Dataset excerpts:
************
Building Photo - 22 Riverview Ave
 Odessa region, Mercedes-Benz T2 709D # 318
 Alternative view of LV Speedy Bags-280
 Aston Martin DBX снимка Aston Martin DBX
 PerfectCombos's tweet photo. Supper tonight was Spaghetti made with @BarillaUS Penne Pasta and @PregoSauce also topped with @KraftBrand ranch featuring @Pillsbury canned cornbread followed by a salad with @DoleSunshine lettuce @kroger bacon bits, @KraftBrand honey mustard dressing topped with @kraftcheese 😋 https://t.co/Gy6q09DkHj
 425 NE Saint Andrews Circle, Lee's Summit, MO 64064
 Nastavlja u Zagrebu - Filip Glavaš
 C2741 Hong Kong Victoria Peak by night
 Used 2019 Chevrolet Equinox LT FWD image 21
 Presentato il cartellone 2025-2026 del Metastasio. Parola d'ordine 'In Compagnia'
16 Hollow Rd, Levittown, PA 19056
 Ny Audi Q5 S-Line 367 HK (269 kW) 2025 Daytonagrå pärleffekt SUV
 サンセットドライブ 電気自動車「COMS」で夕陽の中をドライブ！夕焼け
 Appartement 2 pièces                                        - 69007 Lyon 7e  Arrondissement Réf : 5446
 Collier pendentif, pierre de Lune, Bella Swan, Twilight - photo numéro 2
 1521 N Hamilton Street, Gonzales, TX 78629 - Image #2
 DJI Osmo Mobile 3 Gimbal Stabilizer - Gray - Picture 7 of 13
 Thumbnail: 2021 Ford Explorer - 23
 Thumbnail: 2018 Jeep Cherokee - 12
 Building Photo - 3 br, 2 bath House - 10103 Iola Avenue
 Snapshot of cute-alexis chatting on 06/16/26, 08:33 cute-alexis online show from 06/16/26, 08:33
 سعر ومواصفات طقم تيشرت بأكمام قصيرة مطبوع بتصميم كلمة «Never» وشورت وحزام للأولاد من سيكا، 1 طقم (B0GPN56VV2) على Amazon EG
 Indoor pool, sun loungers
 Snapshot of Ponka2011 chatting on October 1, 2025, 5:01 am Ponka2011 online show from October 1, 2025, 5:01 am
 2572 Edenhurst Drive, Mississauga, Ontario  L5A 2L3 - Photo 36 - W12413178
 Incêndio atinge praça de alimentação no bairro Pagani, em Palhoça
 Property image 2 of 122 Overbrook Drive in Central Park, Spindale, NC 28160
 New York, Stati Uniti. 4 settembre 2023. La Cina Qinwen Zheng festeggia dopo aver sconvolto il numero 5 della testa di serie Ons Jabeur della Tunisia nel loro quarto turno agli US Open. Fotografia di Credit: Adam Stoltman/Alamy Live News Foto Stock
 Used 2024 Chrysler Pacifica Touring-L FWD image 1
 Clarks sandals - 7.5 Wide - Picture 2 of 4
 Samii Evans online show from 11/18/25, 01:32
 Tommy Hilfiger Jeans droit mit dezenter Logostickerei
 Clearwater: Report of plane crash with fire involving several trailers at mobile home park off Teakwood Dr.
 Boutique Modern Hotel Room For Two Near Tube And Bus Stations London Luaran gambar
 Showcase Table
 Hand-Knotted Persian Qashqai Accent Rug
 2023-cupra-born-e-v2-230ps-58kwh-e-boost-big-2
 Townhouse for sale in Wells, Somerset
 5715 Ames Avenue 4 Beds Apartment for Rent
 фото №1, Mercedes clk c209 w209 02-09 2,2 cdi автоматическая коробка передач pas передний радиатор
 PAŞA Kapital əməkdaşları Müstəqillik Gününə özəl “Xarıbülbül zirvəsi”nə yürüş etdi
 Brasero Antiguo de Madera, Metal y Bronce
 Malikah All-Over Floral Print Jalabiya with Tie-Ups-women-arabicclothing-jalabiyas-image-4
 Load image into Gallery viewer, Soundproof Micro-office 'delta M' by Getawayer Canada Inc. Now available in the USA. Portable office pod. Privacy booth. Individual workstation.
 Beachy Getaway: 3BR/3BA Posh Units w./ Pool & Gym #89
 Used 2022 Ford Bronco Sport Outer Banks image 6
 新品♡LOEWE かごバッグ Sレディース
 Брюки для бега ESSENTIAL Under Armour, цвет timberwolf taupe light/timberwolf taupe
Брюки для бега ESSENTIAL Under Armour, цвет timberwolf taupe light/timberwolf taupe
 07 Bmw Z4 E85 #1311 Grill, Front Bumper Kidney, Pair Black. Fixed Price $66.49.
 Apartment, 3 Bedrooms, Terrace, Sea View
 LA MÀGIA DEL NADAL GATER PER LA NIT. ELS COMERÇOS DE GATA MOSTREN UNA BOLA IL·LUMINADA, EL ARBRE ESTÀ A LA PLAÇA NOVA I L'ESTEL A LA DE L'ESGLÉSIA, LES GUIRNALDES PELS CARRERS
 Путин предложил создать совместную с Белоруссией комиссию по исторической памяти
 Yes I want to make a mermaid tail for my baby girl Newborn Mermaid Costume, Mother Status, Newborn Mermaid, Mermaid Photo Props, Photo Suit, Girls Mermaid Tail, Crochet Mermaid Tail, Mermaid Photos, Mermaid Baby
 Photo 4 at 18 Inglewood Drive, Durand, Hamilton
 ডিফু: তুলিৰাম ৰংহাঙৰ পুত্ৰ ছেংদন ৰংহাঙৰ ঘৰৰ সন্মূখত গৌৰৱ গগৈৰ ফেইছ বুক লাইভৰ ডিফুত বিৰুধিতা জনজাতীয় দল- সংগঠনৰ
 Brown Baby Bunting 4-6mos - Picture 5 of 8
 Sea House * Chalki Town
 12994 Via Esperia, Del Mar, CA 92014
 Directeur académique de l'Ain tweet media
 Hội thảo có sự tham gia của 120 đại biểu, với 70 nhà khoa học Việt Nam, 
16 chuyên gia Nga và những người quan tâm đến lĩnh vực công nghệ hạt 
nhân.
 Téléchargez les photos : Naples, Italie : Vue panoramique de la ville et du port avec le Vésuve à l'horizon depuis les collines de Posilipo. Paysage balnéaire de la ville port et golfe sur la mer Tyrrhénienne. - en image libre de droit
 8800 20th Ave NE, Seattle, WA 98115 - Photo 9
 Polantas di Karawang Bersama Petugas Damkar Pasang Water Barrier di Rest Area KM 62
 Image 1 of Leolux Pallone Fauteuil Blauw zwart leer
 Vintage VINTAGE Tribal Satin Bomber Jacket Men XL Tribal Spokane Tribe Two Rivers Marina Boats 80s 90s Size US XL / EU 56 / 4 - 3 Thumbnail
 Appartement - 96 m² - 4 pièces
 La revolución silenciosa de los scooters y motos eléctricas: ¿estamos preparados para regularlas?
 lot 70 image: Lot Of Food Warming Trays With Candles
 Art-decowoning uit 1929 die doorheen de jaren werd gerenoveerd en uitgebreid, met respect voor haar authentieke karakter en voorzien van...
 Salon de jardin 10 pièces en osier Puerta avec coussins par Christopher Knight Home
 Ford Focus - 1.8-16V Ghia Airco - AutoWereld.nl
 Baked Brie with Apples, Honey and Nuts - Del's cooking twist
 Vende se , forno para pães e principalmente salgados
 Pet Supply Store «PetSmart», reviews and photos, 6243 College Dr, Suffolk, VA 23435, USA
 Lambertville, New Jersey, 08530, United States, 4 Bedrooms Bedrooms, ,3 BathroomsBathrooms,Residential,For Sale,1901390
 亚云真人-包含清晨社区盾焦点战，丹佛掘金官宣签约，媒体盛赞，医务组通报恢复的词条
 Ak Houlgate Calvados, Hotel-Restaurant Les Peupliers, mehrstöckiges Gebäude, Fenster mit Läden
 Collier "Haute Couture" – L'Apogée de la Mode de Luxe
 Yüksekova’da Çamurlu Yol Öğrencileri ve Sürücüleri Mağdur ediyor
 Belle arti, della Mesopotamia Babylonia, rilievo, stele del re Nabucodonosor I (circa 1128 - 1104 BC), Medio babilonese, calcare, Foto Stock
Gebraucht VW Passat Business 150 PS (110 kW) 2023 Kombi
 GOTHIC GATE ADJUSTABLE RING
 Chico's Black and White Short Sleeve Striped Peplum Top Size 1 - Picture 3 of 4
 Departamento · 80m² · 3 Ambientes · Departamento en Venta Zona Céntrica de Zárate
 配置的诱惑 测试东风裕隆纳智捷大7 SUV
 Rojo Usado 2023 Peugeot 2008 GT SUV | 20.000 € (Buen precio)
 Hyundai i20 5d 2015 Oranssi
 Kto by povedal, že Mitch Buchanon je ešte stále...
************
> [Exercise details] Both the first line of the data above and the line with "サンセットドライブ 電気自動車「COMS」で夕陽の中をドライブ！夕焼け" must be included; please return exactly those lines and the ones between them.

> [Solution to the exercise]
Building Photo - 22 Riverview Ave
 Odessa region, Mercedes-Benz T2 709D # 318
 Alternative view of LV Speedy Bags-280
 Aston Martin DBX снимка Aston Martin DBX
 PerfectCombos's tweet photo. Supper tonight was Spaghetti made with @BarillaUS Penne Pasta and @PregoSauce also topped with @KraftBrand ranch featuring @Pillsbury canned cornbread followed by a salad with @DoleSunshine lettuce @kroger bacon bits, @KraftBrand honey mustard dressing topped with @kraftcheese 😋 https://t.co/Gy6q09DkHj
 425 NE Saint Andrews Circle, Lee's Summit, MO 64064
 Nastavlja u Zagrebu - Filip Glavaš
 C2741 Hong Kong Victoria Peak by night
 Used 2019 Chevrolet Equinox LT FWD image 21
 Presentato il cartellone 2025-2026 del Metastasio. Parola d'ordine 'In Compagnia'
16 Hollow Rd, Levittown, PA 19056
 Ny Audi Q5 S-Line 367 HK (269 kW) 2025 Daytonagrå pärleffekt SUV
 サンセットドライブ 電気自動車「COMS」で夕陽の中をドライブ！夕焼け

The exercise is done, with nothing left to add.